# [What you will do]
Reproduce the entries so that every line matches the original exactly.

# [Data entries]
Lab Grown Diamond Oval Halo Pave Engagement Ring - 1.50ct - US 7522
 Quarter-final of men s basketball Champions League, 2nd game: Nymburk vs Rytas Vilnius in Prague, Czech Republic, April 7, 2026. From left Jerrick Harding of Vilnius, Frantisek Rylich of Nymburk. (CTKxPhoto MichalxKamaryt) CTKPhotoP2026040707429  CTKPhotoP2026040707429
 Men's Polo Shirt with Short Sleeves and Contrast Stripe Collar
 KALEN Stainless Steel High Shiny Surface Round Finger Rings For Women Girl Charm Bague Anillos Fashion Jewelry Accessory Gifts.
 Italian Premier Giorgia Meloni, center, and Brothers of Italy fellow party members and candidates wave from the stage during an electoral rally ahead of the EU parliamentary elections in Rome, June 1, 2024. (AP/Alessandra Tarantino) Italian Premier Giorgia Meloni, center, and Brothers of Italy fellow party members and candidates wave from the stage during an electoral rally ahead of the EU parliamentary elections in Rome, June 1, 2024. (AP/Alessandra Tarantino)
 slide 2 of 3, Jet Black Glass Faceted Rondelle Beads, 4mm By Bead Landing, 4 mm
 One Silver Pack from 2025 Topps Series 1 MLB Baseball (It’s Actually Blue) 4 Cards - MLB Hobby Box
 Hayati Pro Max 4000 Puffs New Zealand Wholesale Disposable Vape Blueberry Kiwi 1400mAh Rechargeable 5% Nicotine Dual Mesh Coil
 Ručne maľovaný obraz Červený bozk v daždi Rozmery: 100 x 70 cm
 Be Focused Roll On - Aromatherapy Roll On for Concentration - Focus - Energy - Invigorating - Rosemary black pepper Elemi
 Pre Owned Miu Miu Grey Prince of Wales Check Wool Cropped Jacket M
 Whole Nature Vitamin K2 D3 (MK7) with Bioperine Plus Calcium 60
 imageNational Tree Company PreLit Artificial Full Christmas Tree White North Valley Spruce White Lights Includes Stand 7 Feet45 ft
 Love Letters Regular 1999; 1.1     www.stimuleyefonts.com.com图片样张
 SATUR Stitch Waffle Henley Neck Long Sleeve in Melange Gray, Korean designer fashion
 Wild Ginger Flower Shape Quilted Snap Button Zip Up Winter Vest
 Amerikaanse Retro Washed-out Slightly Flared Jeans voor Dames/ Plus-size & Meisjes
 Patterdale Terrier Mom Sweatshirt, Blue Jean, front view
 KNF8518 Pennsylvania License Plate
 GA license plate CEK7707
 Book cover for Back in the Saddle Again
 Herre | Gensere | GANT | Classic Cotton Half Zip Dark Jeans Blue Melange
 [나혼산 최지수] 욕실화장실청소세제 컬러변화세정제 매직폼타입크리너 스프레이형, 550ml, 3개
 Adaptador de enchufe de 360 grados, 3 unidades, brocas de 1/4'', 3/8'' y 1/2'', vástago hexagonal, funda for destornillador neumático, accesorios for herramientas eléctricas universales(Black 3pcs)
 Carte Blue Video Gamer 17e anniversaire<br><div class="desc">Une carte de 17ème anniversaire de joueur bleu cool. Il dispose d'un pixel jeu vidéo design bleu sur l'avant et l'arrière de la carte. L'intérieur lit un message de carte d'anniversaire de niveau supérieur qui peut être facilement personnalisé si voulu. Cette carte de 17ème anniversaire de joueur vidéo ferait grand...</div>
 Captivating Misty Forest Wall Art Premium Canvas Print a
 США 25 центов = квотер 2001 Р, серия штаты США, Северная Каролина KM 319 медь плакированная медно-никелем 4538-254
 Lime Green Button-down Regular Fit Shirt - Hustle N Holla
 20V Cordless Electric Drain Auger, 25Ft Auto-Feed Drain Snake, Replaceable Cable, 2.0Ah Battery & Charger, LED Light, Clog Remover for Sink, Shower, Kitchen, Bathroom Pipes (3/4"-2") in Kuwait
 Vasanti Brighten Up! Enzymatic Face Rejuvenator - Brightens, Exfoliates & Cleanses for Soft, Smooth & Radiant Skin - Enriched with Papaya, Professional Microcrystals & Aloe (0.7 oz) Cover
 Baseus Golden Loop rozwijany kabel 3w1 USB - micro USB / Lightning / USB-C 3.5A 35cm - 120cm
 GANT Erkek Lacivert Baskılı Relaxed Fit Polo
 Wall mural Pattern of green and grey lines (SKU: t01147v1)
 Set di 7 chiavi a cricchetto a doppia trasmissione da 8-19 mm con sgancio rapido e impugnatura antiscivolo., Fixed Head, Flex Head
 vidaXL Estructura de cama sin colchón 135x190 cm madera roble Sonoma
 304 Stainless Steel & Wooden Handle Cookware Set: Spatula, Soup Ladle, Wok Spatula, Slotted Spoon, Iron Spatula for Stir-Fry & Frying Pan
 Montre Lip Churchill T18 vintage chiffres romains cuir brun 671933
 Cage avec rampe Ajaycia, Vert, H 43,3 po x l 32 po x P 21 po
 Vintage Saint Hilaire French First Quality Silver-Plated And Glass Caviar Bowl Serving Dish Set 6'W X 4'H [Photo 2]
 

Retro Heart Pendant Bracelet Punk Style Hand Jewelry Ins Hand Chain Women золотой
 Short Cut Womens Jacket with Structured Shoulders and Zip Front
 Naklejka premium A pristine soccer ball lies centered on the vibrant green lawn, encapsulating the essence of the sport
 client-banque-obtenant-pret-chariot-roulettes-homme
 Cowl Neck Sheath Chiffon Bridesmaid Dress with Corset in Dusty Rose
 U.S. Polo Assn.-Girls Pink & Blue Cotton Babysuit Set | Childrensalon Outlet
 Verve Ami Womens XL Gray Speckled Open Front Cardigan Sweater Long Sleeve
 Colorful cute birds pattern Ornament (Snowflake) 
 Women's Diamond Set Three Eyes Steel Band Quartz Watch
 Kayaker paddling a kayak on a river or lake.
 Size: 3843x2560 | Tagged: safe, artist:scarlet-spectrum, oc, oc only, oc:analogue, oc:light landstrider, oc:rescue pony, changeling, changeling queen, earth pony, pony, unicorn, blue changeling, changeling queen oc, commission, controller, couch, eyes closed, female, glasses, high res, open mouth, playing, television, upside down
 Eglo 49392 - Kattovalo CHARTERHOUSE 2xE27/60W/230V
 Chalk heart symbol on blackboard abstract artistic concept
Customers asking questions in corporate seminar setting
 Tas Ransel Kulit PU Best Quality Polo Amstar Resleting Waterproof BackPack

# [Result of the task]
Lab Grown Diamond Oval Halo Pave Engagement Ring - 1.50ct - US 7522
 Quarter-final of men s basketball Champions League, 2nd game: Nymburk vs Rytas Vilnius in Prague, Czech Republic, April 7, 2026. From left Jerrick Harding of Vilnius, Frantisek Rylich of Nymburk. (CTKxPhoto MichalxKamaryt) CTKPhotoP2026040707429  CTKPhotoP2026040707429
 Men's Polo Shirt with Short Sleeves and Contrast Stripe Collar
 KALEN Stainless Steel High Shiny Surface Round Finger Rings For Women Girl Charm Bague Anillos Fashion Jewelry Accessory Gifts.
 Italian Premier Giorgia Meloni, center, and Brothers of Italy fellow party members and candidates wave from the stage during an electoral rally ahead of the EU parliamentary elections in Rome, June 1, 2024. (AP/Alessandra Tarantino) Italian Premier Giorgia Meloni, center, and Brothers of Italy fellow party members and candidates wave from the stage during an electoral rally ahead of the EU parliamentary elections in Rome, June 1, 2024. (AP/Alessandra Tarantino)
 slide 2 of 3, Jet Black Glass Faceted Rondelle Beads, 4mm By Bead Landing, 4 mm
 One Silver Pack from 2025 Topps Series 1 MLB Baseball (It’s Actually Blue) 4 Cards - MLB Hobby Box
 Hayati Pro Max 4000 Puffs New Zealand Wholesale Disposable Vape Blueberry Kiwi 1400mAh Rechargeable 5% Nicotine Dual Mesh Coil
 Ručne maľovaný obraz Červený bozk v daždi Rozmery: 100 x 70 cm
 Be Focused Roll On - Aromatherapy Roll On for Concentration - Focus - Energy - Invigorating - Rosemary black pepper Elemi
 Pre Owned Miu Miu Grey Prince of Wales Check Wool Cropped Jacket M
 Whole Nature Vitamin K2 D3 (MK7) with Bioperine Plus Calcium 60
 imageNational Tree Company PreLit Artificial Full Christmas Tree White North Valley Spruce White Lights Includes Stand 7 Feet45 ft
 Love Letters Regular 1999; 1.1     www.stimuleyefonts.com.com图片样张
 SATUR Stitch Waffle Henley Neck Long Sleeve in Melange Gray, Korean designer fashion
 Wild Ginger Flower Shape Quilted Snap Button Zip Up Winter Vest
 Amerikaanse Retro Washed-out Slightly Flared Jeans voor Dames/ Plus-size & Meisjes
 Patterdale Terrier Mom Sweatshirt, Blue Jean, front view
 KNF8518 Pennsylvania License Plate
 GA license plate CEK7707
 Book cover for Back in the Saddle Again
 Herre | Gensere | GANT | Classic Cotton Half Zip Dark Jeans Blue Melange
 [나혼산 최지수] 욕실화장실청소세제 컬러변화세정제 매직폼타입크리너 스프레이형, 550ml, 3개
 Adaptador de enchufe de 360 grados, 3 unidades, brocas de 1/4'', 3/8'' y 1/2'', vástago hexagonal, funda for destornillador neumático, accesorios for herramientas eléctricas universales(Black 3pcs)
 Carte Blue Video Gamer 17e anniversaire<br><div class="desc">Une carte de 17ème anniversaire de joueur bleu cool. Il dispose d'un pixel jeu vidéo design bleu sur l'avant et l'arrière de la carte. L'intérieur lit un message de carte d'anniversaire de niveau supérieur qui peut être facilement personnalisé si voulu. Cette carte de 17ème anniversaire de joueur vidéo ferait grand...</div>
 Captivating Misty Forest Wall Art Premium Canvas Print a
 США 25 центов = квотер 2001 Р, серия штаты США, Северная Каролина KM 319 медь плакированная медно-никелем 4538-254
 Lime Green Button-down Regular Fit Shirt - Hustle N Holla
 20V Cordless Electric Drain Auger, 25Ft Auto-Feed Drain Snake, Replaceable Cable, 2.0Ah Battery & Charger, LED Light, Clog Remover for Sink, Shower, Kitchen, Bathroom Pipes (3/4"-2") in Kuwait
 Vasanti Brighten Up! Enzymatic Face Rejuvenator - Brightens, Exfoliates & Cleanses for Soft, Smooth & Radiant Skin - Enriched with Papaya, Professional Microcrystals & Aloe (0.7 oz) Cover
 Baseus Golden Loop rozwijany kabel 3w1 USB - micro USB / Lightning / USB-C 3.5A 35cm - 120cm
 GANT Erkek Lacivert Baskılı Relaxed Fit Polo
 Wall mural Pattern of green and grey lines (SKU: t01147v1)
 Set di 7 chiavi a cricchetto a doppia trasmissione da 8-19 mm con sgancio rapido e impugnatura antiscivolo., Fixed Head, Flex Head
 vidaXL Estructura de cama sin colchón 135x190 cm madera roble Sonoma
 304 Stainless Steel & Wooden Handle Cookware Set: Spatula, Soup Ladle, Wok Spatula, Slotted Spoon, Iron Spatula for Stir-Fry & Frying Pan
 Montre Lip Churchill T18 vintage chiffres romains cuir brun 671933
 Cage avec rampe Ajaycia, Vert, H 43,3 po x l 32 po x P 21 po
 Vintage Saint Hilaire French First Quality Silver-Plated And Glass Caviar Bowl Serving Dish Set 6'W X 4'H [Photo 2]
 

Retro Heart Pendant Bracelet Punk Style Hand Jewelry Ins Hand Chain Women золотой
 Short Cut Womens Jacket with Structured Shoulders and Zip Front
 Naklejka premium A pristine soccer ball lies centered on the vibrant green lawn, encapsulating the essence of the sport
 client-banque-obtenant-pret-chariot-roulettes-homme
 Cowl Neck Sheath Chiffon Bridesmaid Dress with Corset in Dusty Rose
 U.S. Polo Assn.-Girls Pink & Blue Cotton Babysuit Set | Childrensalon Outlet
 Verve Ami Womens XL Gray Speckled Open Front Cardigan Sweater Long Sleeve
 Colorful cute birds pattern Ornament (Snowflake) 
 Women's Diamond Set Three Eyes Steel Band Quartz Watch
 Kayaker paddling a kayak on a river or lake.
 Size: 3843x2560 | Tagged: safe, artist:scarlet-spectrum, oc, oc only, oc:analogue, oc:light landstrider, oc:rescue pony, changeling, changeling queen, earth pony, pony, unicorn, blue changeling, changeling queen oc, commission, controller, couch, eyes closed, female, glasses, high res, open mouth, playing, television, upside down
 Eglo 49392 - Kattovalo CHARTERHOUSE 2xE27/60W/230V
 Chalk heart symbol on blackboard abstract artistic concept
Customers asking questions in corporate seminar setting
 Tas Ransel Kulit PU Best Quality Polo Amstar Resleting Waterproof BackPack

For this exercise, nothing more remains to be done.